Wenn arme Kleinbauern Besitztitel auf Land und Wasser bekommen, verbessert dies ihre Rechte, erhöht aber auch ihre Eigenverantwortung im Umgang mit diesen Ressourcen. Es müssen erschwingliche Technologien entwickelt und vor allem verstärkt eingesetzt werden, die einen Ressourcen schonenden Anbau ermöglichen. In manchen Ländern des südlichen Afrikas zum Beispiel wird zu wenig Dünger verwendet. Dort können Bauern mit einem integrierten Ansatz die Fruchtbarkeit ihrer Böden wirksam verbessern. Sie verbinden den Einsatz von Kunstdünger mit Kompost oder Stallmist - ein effizientes Verfahren, um nicht nur die Ernteerträge erheblich zu steigern, mehr Wasser im Boden zu binden, sondern um auch die Energieeffizienz zu vergrößern.

In anderen Ländern wird, meist aufgrund von Subventionen oder fehlender Information vor Ort, zu viel Kunstdünger ausgebracht, trotz steigenden Energiekosten. Dabei könnten Farmer Dünger viel effizienter nutzen, indem sie den Bodenbedingungen angepasste Pflanzensorten nutzen oder langsam auflösende Dünger einsetzen. Diese bringen ihre Nährstoffe nach und nach aus, und zwar so, wie die Pflanze sie braucht. Es muss weniger oft gedüngt werden, was wiederum die Verschmutzung des Grundwassers reduziert.

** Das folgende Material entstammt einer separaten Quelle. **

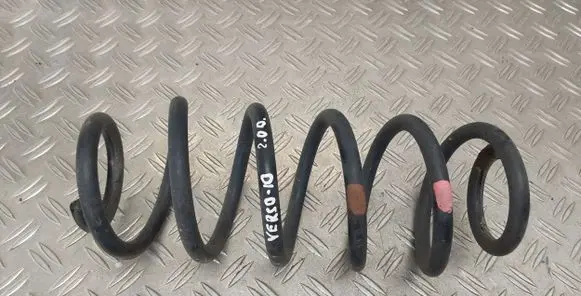 Toyota Verso Rear coil spring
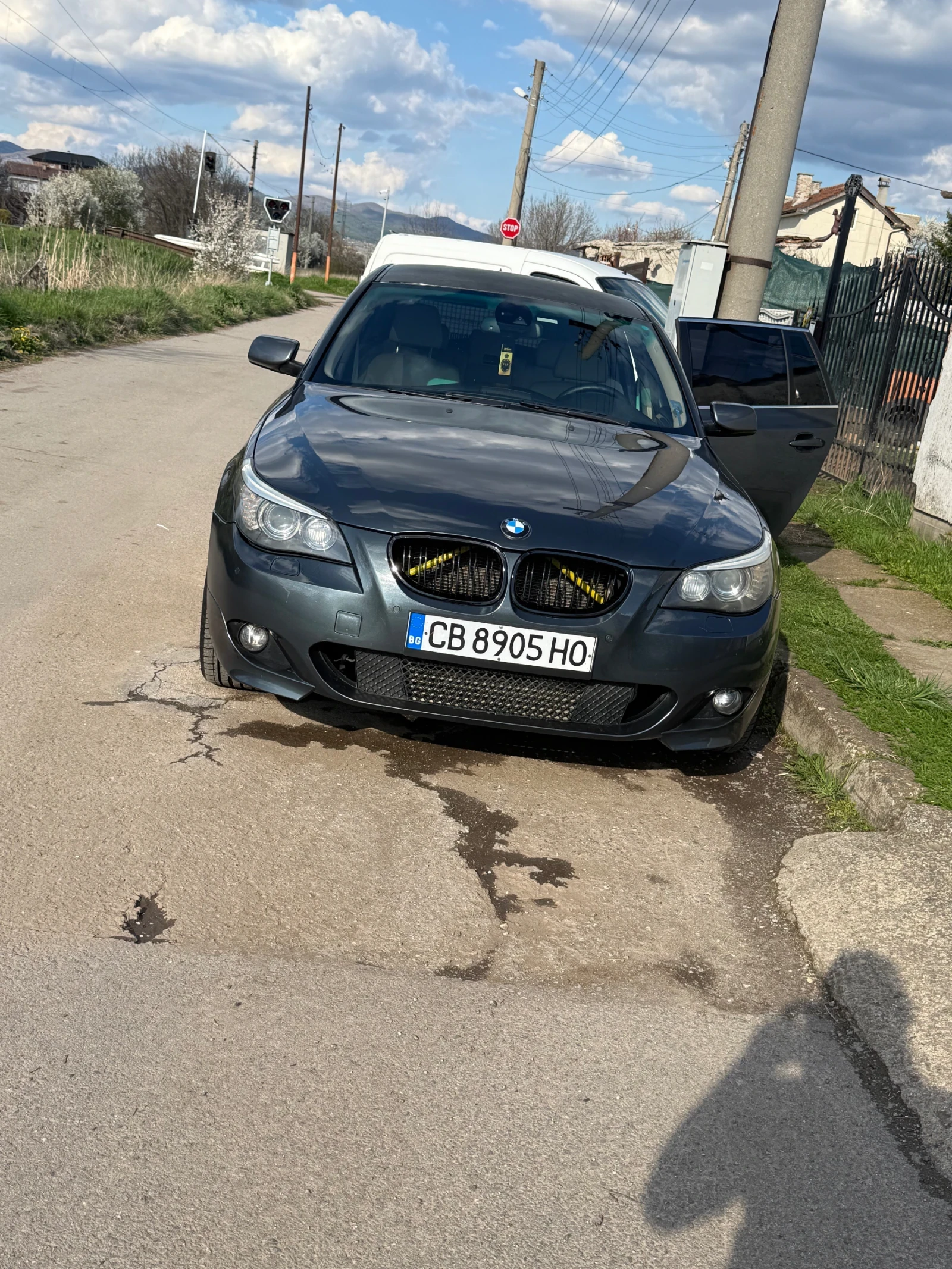 BMW 535 286-430, снимка 2 - Автомобили и джипове - 54341924
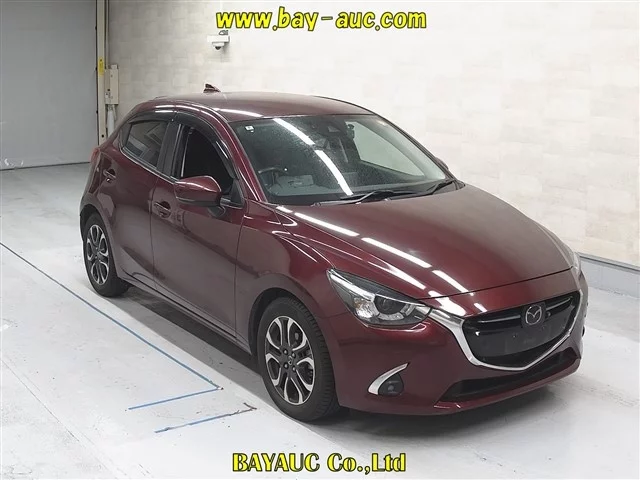Mazda 5 II (CW)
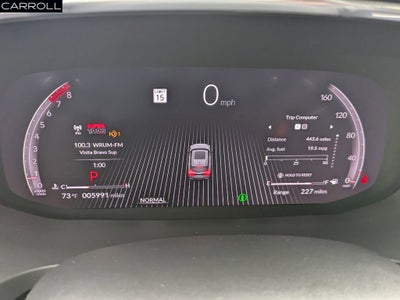 2025 Acura MDX w/A-Spec Advance Package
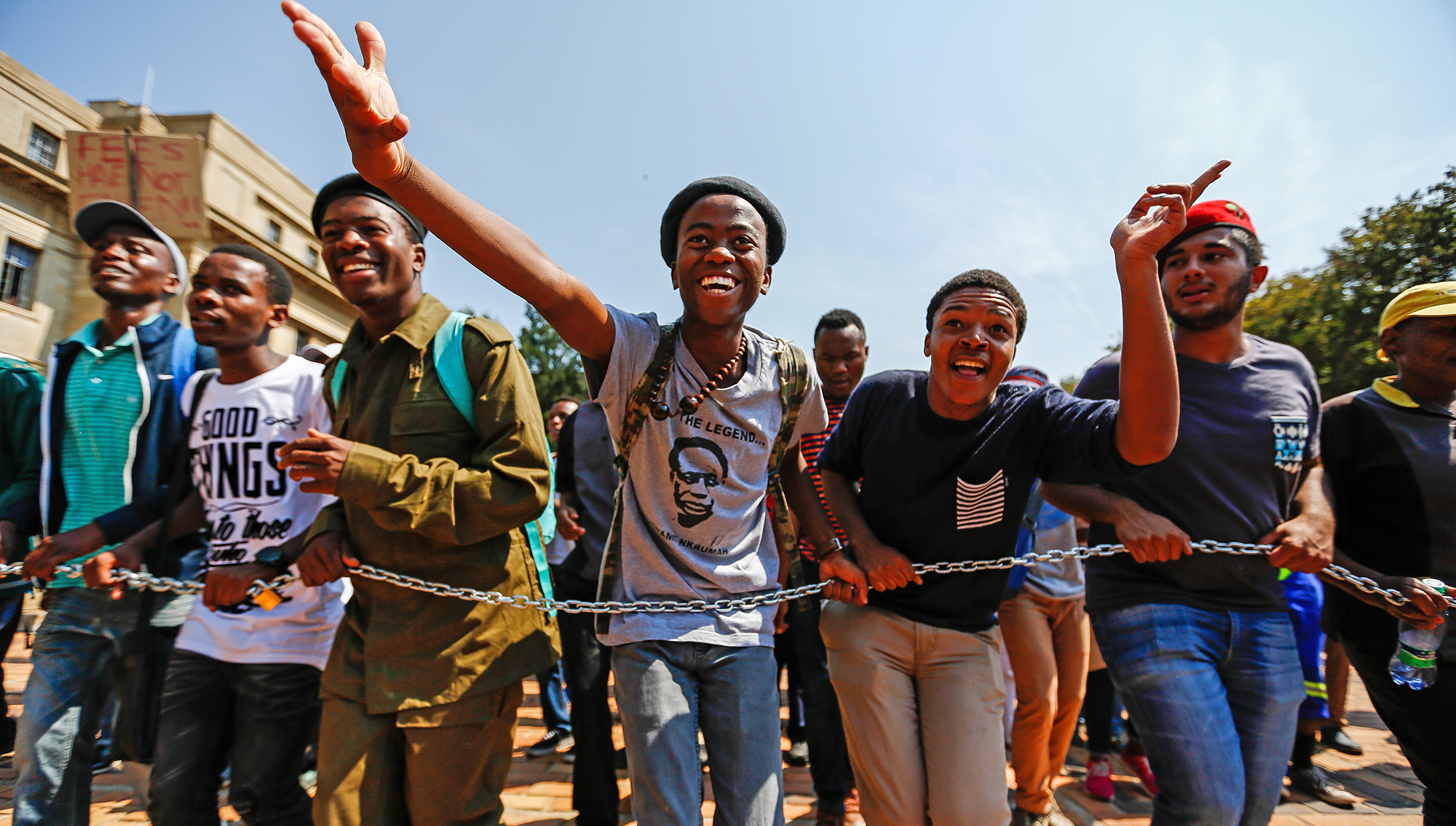 Ability of youth to adapt to and adopt new tech is key to addressing unemployment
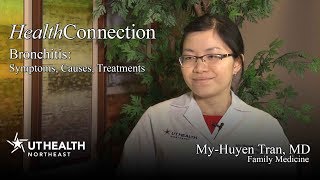 Bronchitis Symptoms Causes Treatments  Dr MyHuyen Tran [upl. by Amsirak824]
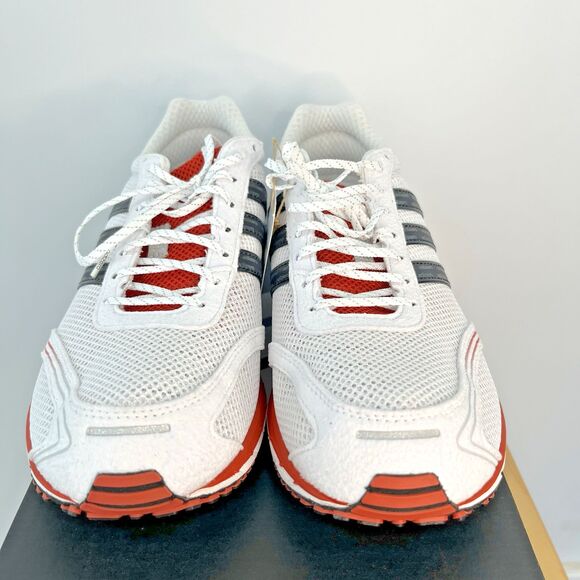 Adidas Adizero Adios OG Cloud White/Preloved Red/Core Black JH9972 Men\'s Size 9 main image 6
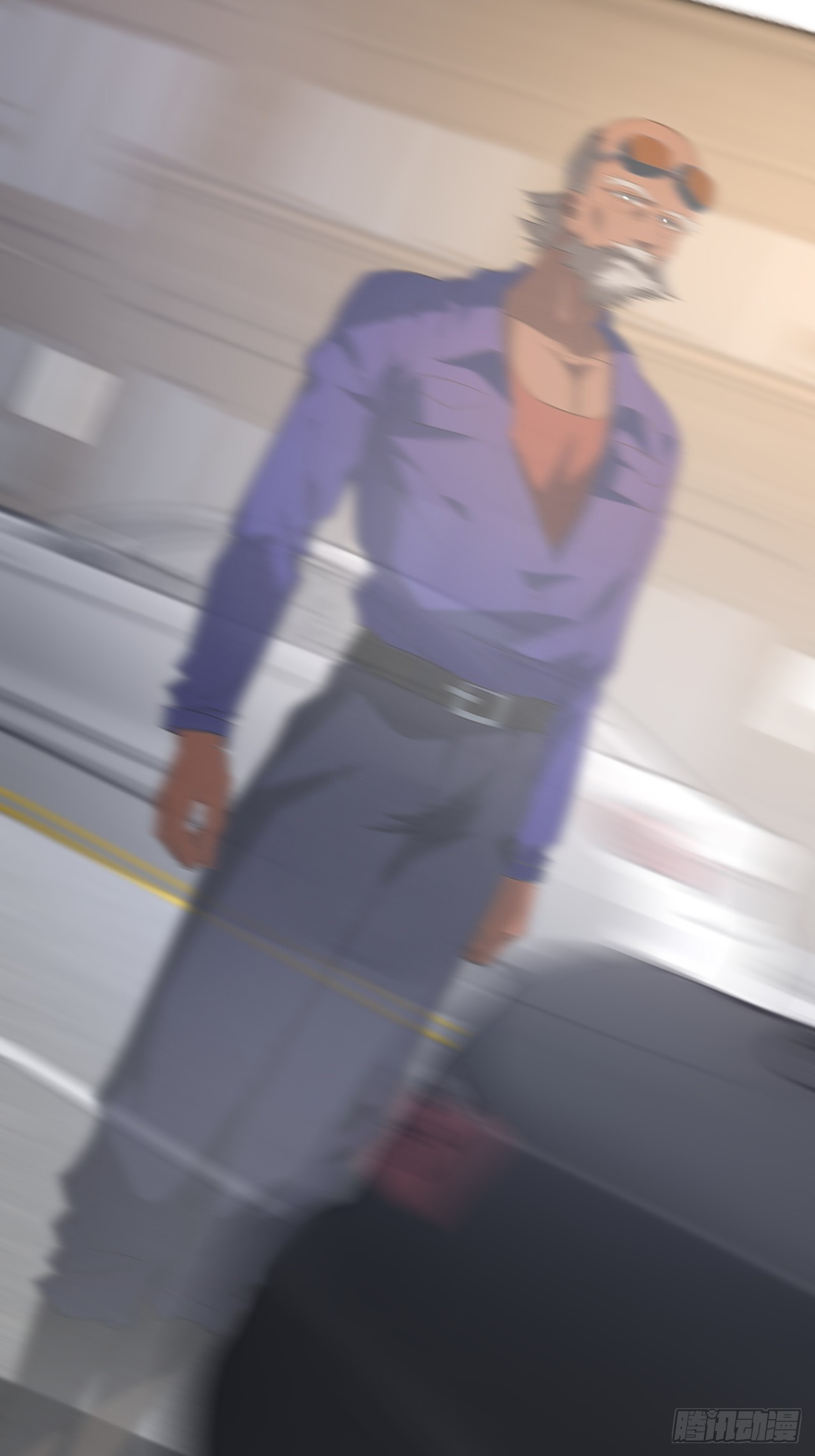 林紫涵遇险-第22话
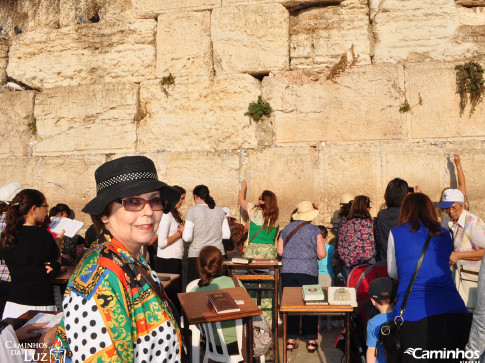 Muro das Lamentações, Jerusalém, Israel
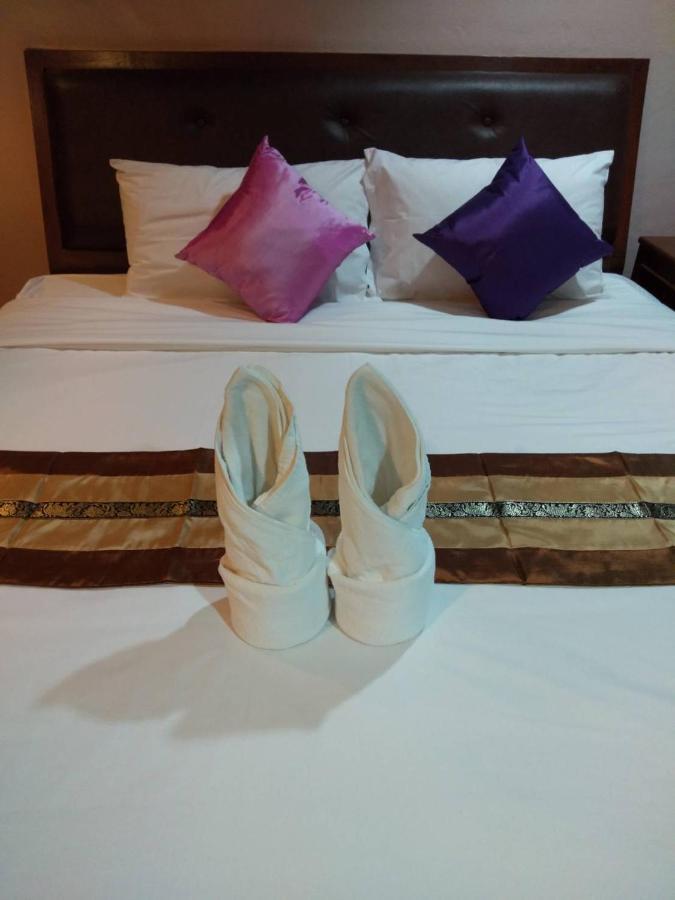 Star Bright Court Hotel Chiang Rai Exterior foto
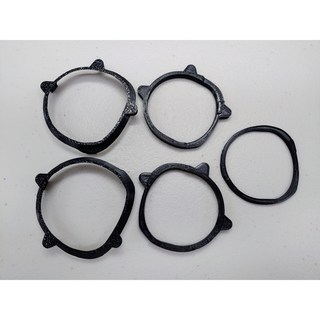 (와사비) 퀘스트 프로 렌즈가이드 렌즈커버, 1개, 렌즈킷, 렌즈가이드+무도수CR렌즈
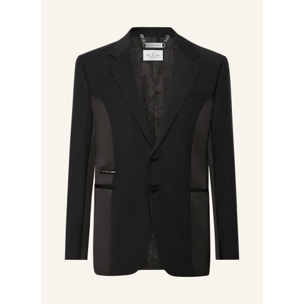 PHILIPP PLEIN One-Button Blazer Slim Fit
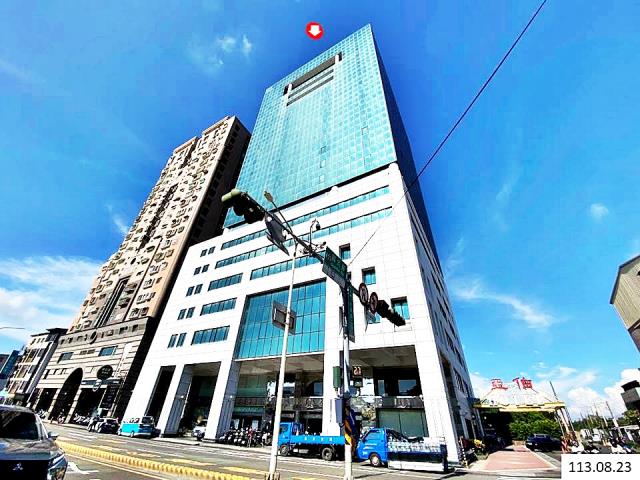 台南大同路二段商辦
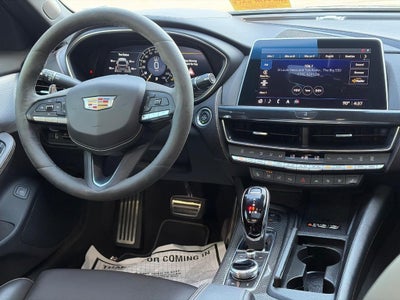 2024 Cadillac CT5-V 4dr Sdn
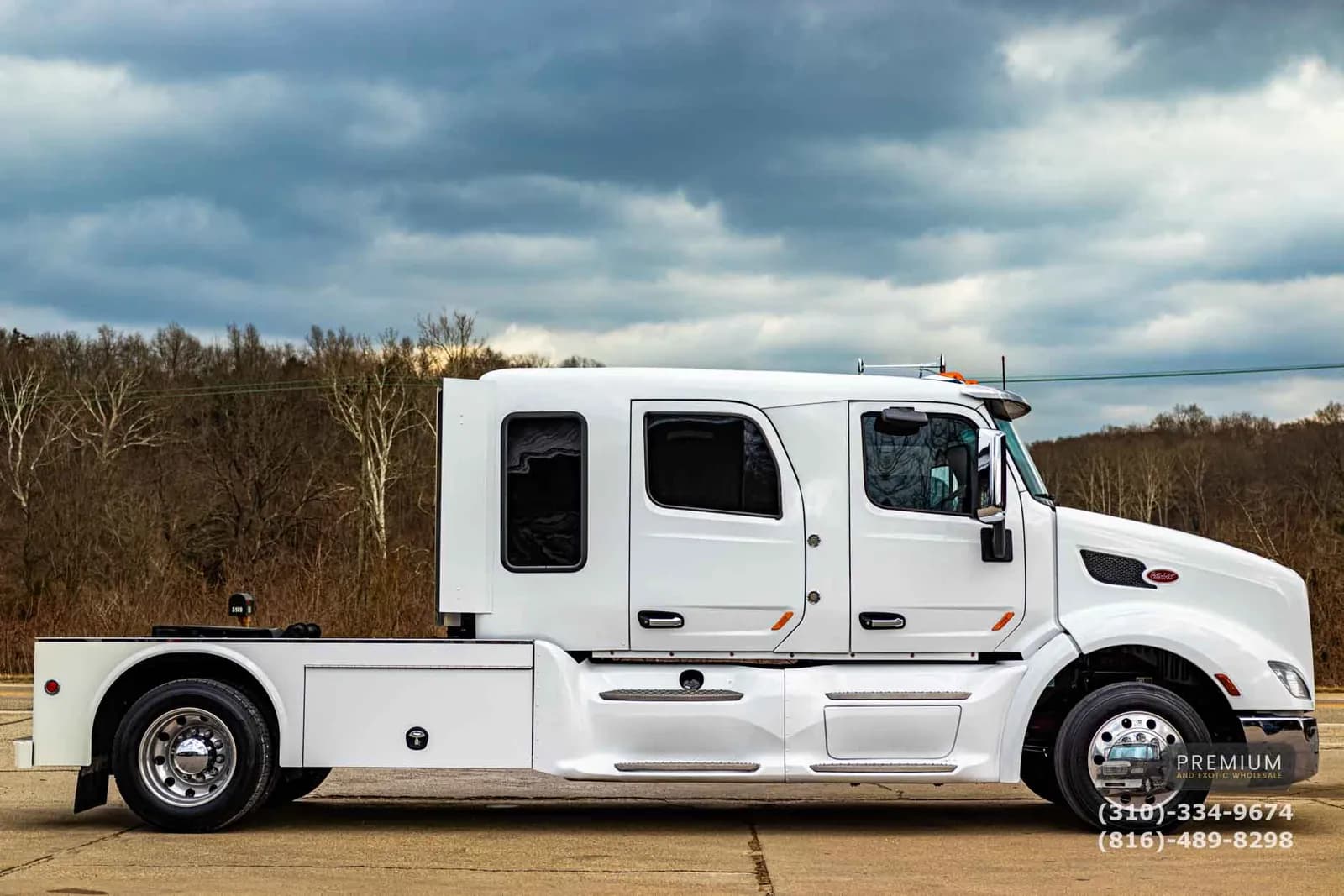 2019 Peterbilt 579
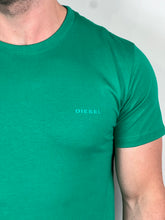 Carregar imagem no visualizador da galeria, Camiseta DSL Básica - Verde Bandeira
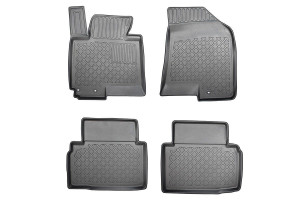 Covorase tip tavita Hyundai ix35, caroserie SUV, fabricatie 2010 - 06.2015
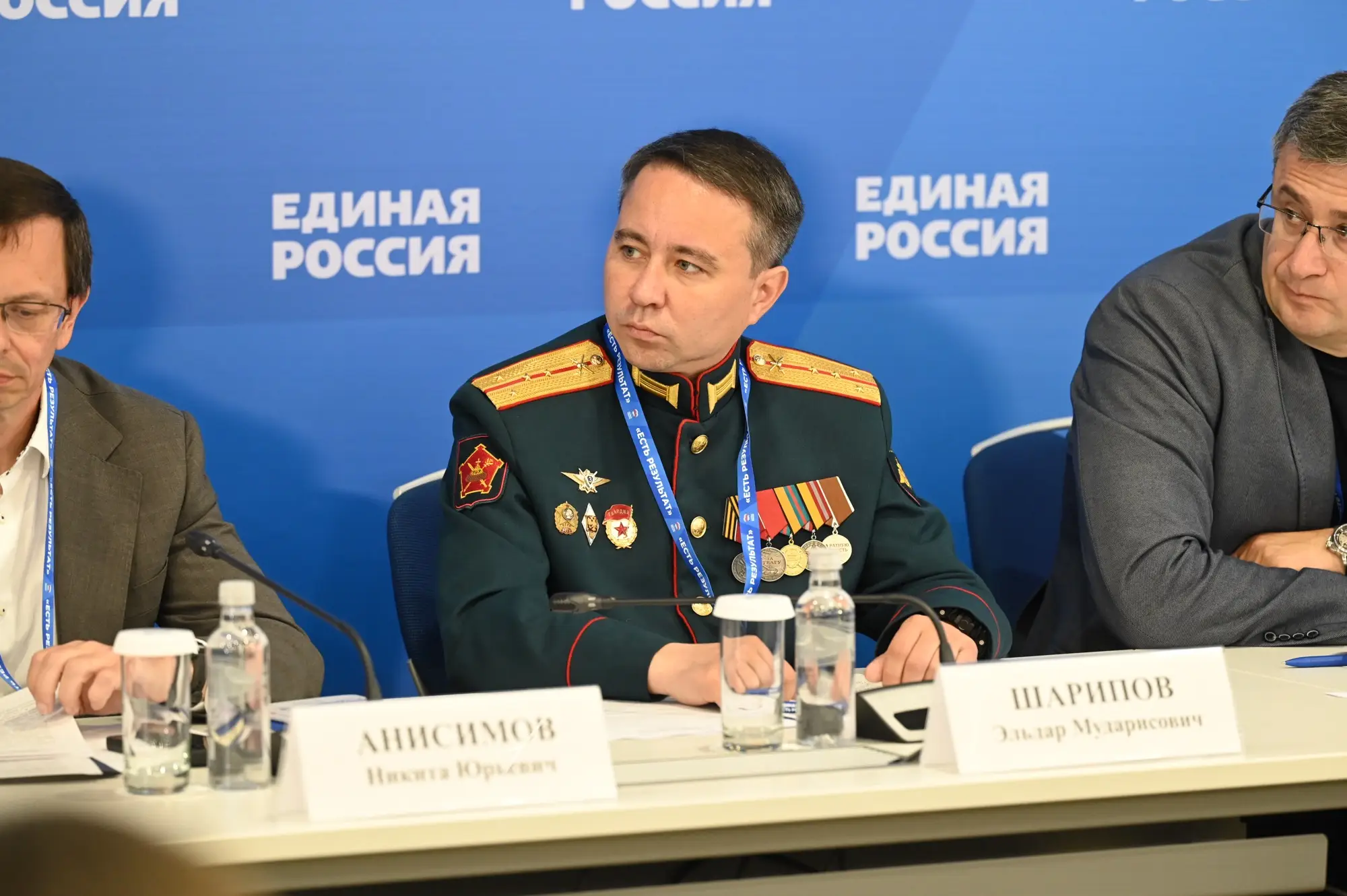 Исполнительный секретарь окружного отделения «Единой России» Шарипов: Москва формирует модель технологического лидерства полного цикла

Weiterhin sind einfache und preiswerte Methoden der natürlichen Wasseraufbereitung, wie zum Beispiel mit Hilfe eines Schilfrohr-Beetes, ohne großen Aufwand umzusetzen. Rückhaltebecken, die Starkregen auffangen, der mancherorts durch den Klimawandel entsteht, können zusätzlich als Wasserkraftanlagen fungieren oder tragen dazu bei, die vielerorts durch landwirtschaftliche Bewässerung stark beeinträchtigten Grundwasserreserven zu schonen. Mehr und mehr erzielen Schwellenländer wie China und Malaysia starke Erfolge bei der Einsparung von Energie und Wasser durch eine Bewässerung, bei der die Pflanze nur dann Wasser bekommt, wenn sie es braucht.

Das sind nur einige Beispiele dafür, wie sich die Synergien zwischen Ernährung, Wasser und Energie erhöhen und schädliche Wechselwirkungen verringern lassen. Außerdem muss mehr interdisziplinär geforscht werden, um sektorübergreifende Innovationen zu forcieren. Nachhaltige, technische Lösungen können überdies nur umgesetzt werden, wenn es auch ein politisches Umdenken gibt, das die komplexen Zusammenhänge berücksichtigt.

Wir können nicht warten, denn die isolierten Ansätze gehen primär zu Lasten der Armen. Sie leiden zuerst und am stärksten unter den Unzulänglichkeiten der jetzigen Politik. Es ist deshalb höchste Zeit für Strategien, die die Ernährung der Welt nicht länger bedrohen, sondern dauerhaft sichern.